Le sanzioni vanno quindi lette come un segnale politico: la comunità internazionale non può accettare che un rappresentante ONU trasformi il suo mandato in uno strumento di radicalizzazione retorica. Difendere il diritto internazionale significa anche difendere la sua legittimità, che dipende dalla fiducia di tutte le parti. Quando questa viene meno, la diplomazia si tutela con gli strumenti che ha a disposizione, comprese le sanzioni. Non per censurare, ma per affermare che l’etica della responsabilità è parte integrante del mandato di ogni rappresentante dell’ONU.

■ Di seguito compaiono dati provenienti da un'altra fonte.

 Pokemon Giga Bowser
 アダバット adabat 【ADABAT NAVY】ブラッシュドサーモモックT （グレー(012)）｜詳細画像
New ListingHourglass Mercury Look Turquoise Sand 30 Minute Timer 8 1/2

Nina Celli, 16 luglio 2025
Francesca Albanese ha agito nel rispetto del mandato ONU, documentando crimini e chiedendo azioni coerenti con il diritto internazionale
Le accuse rivolte a Francesca Albanese non si fondano su una violazione del suo mandato, ma su una reazione politica a ciò che ha documentato. I tre rapporti da lei pubblicati nel corso del suo incarico, regolarmente approvati e pubblicati sul sito dell’Ufficio dell’Alto Commissariato per i Diritti Umani (OHCHR), rappresentano una delle più rigorose ricostruzioni giuridiche del conflitto israelo-palestinese degli ultimi vent’anni. In essi, Albanese non si limita a enunciare opinioni: raccoglie prove, cita norme internazionali e formula ipotesi di responsabilità coerenti con lo Statuto di Roma, che disciplina i crimini di guerra e contro l’umanità.

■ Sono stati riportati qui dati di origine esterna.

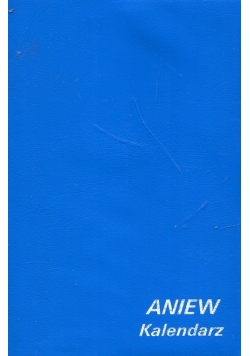 Kalendarz 2019 kieszonkowy Aniew niebieski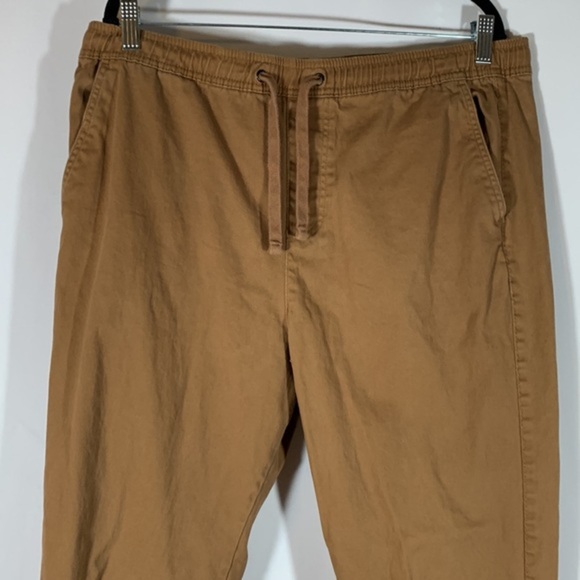 Warehouse One Tan Brown Khaki Jogger Pants - Picture 2 of 9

Il suo rapporto più recente, From economy of occupation to economy of genocide, è stato pubblicato il 3 luglio 2025. In questo documento, lungo oltre 50 pagine, la relatrice identifica un sistema economico globale che, a suo dire, consente e incentiva la distruzione della popolazione palestinese a Gaza. Tra le aziende citate compaiono nomi come Palantir, Lockheed Martin, Pimco, BNP Paribas, Volvo e Vanguard. Secondo il rapporto, queste imprese forniscono sistemi militari, tecnologie di sorveglianza, logistica e investimenti che alimentano la macchina di guerra israeliana. Albanese accusa: “L'economia dell'occupazione è diventata un'economia del genocidio e le imprese che ne traggono profitto devono essere ritenute responsabili”.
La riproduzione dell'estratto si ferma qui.